Analysis of Africa’s Top 250 Companies

Analysis of Africa’s Top 250 Companies

MTN and Vodacom are also expected to buy tranches of 897,000 subscribers from Nashua Mobile, which is owned by Reunert, for a total of R2.26bn ($215m). Nashua previously offered services on South Africa’s two biggest networks.

A spokesperson for Reunert said: “The boards of Reunert and Nashua Mobile were required to consider the long term prospects for Nashua Mobile.  After careful consideration, the boards concluded that it is unlikely that this business would generate acceptable returns.”

The balance of corporate power in Africa remains as concentrated in South Africa as ever. West and Eastern Africa account for just 10.07% and 2.89% respectively of the market capitalisation of the companies in our Top 250. North Africa accounts for another 12.94% but Southern Africa takes the remaining 74.10%. Indeed South Africa alone accounts for more than 70% of the total value of the Top 250.

Just 16 African countries are represented in the Top 250, leaving more than two-thirds of all states without any companies of sufficient scale for inclusion. Those excluded include countries of great economic import, including Algeria and Angola. It also excludes very large countries with big populations, such as Ethiopia, Democratic Republic of Congo and Sudan.

As the third-biggest economy in sub-Saharan Africa, Angola might be expected to be a dominant player in this table. Yet its economy is based upon the export of crude oil and other raw materials, and its corporate map is dominated by international companies and state-owned firms, such as oil company Sonangol. Investment is now being made into rehabilitating the country’s road, rail and port infrastructure, in an attempt to diversify the economy.

However, it remains to be seen how willing the government will be to relax its grip on national economic life.  Eastern Africa as a whole is enjoying a sustained period of economic growth.
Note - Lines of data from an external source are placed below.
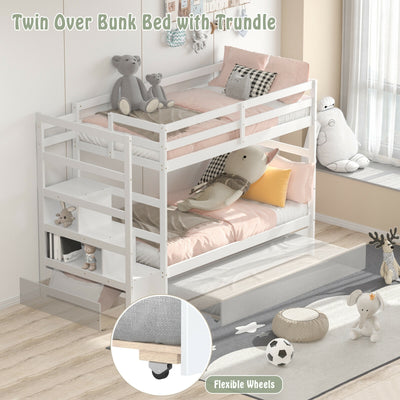 Twin Over Twin Bunk Bed with Storage Shelf and Drawer-White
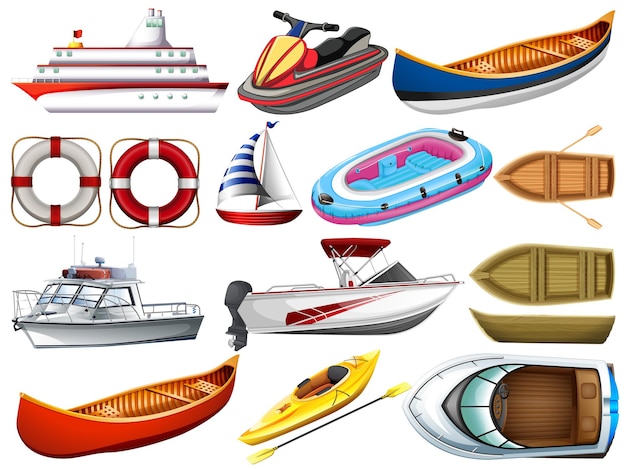 Набор различных видов лодок и кораблей, изолированные на белом фоне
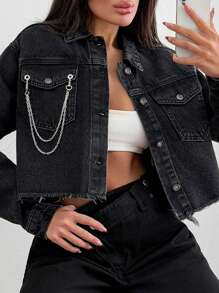 EURMUSE CROP JACKET BLACK STYLE WOMEN DEMIN COAT SIMPLE FASHIONABLE - Black - View 1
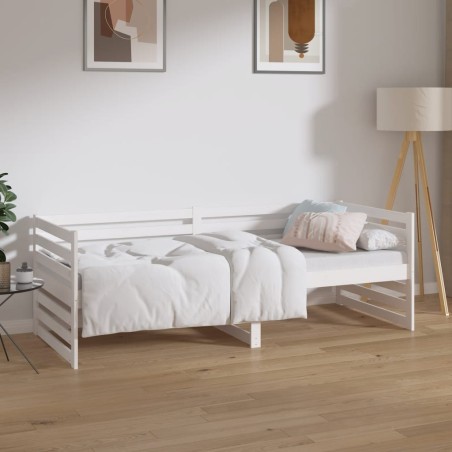 vidaXL Dormeuse Bianca 80x200 cm in Legno Massello di Pino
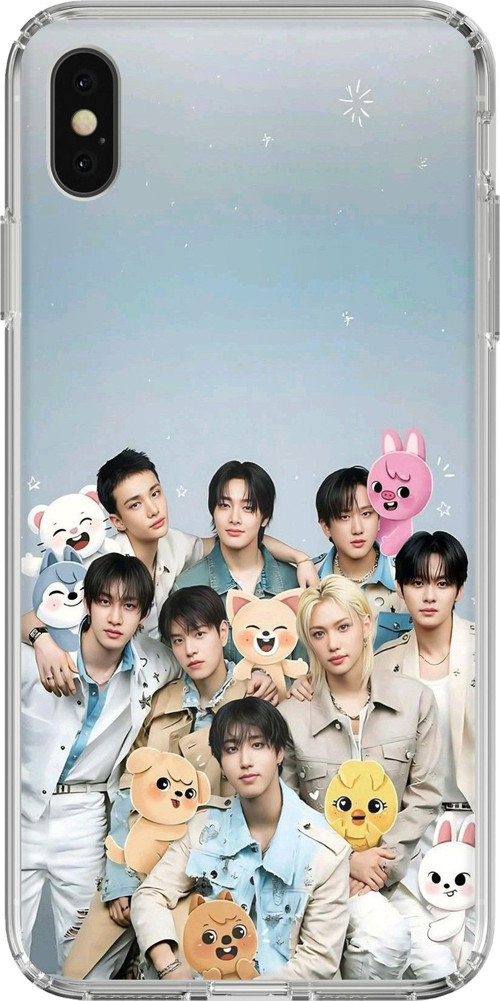 iPhone X-XS Uyumlu Tray Kids K-Pop Grubu ve SKZOO Temalı Baskılı Silikon Kılıf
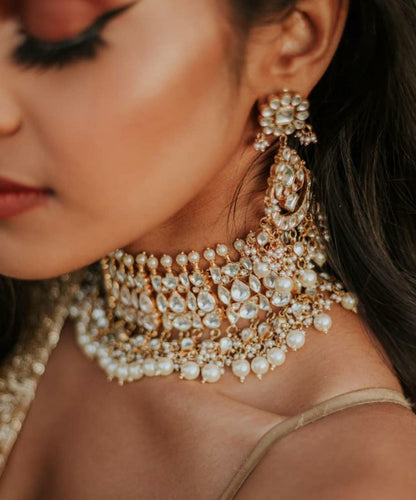 Gold Plated white choker with pearls Necklace Set With Earrings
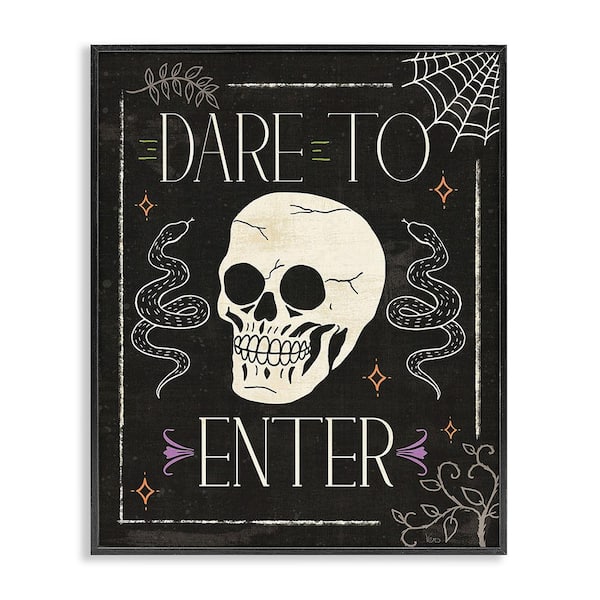 Stupell Industries Dare To Enter Phrase by Veronique Charron 1 Piece Framed Graphic Print Typography Poster Art Print 20 in. x 16 in.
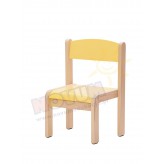 Krzesełko bukowe NOVUM wys. 26 cm żółty pastel. z filcowymi zaślepkami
It is consistently outperforming the rest of the continent, yet the number of Eastern African companies in the Top 250 has fallen from 21 last year to 19 in this year’s table, leaving the region massively under represented in comparison with its population.
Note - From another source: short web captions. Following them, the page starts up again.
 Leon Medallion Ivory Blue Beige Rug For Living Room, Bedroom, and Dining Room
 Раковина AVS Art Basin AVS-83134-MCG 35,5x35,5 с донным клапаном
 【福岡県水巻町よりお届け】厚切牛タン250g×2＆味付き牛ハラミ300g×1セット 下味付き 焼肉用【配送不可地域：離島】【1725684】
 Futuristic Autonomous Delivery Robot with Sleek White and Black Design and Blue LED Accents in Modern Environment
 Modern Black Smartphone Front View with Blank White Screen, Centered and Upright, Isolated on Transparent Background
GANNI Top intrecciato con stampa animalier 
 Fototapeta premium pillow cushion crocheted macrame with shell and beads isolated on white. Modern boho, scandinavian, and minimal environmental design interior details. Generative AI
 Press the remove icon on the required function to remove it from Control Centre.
It appears that foreign firms, established members our Top 250 and local small and medium-sized enterprises are responsible for rising investment levels and high levels of economic growth. If sustained over many years, however, it would be reasonable to expect more companies from the region to feature in the African Business surveys in the future.

Kenyan banks in particular seem intent on developing their customer bases in other countries and so could move up the pecking order. Indeed, African banks from many countries could make their presence felt more fully in the upper echelons of our table if their pan-African expansion strategies go to plan.

The highest ranked of the many Nigerian banks in our table is Guaranty Trust Bank, in fifth position in our West African table and 33rd ranked in the Top 250. It already operates in Kenya, Uganda and Rwanda as a result of its purchase of Fina Bank in February. In mid-April, chief executive Segun Agbaje, said: “The bank plans to open in one other country, probably Tanzania, Mozambique or Angola to deepen its retail banking in that region. Adding another country will give us a critical mass of population to drive a very profitable franchise.” It hopes that the plan will enable annual profit growth of 15%. Other Nigerian banks look set to follow suit.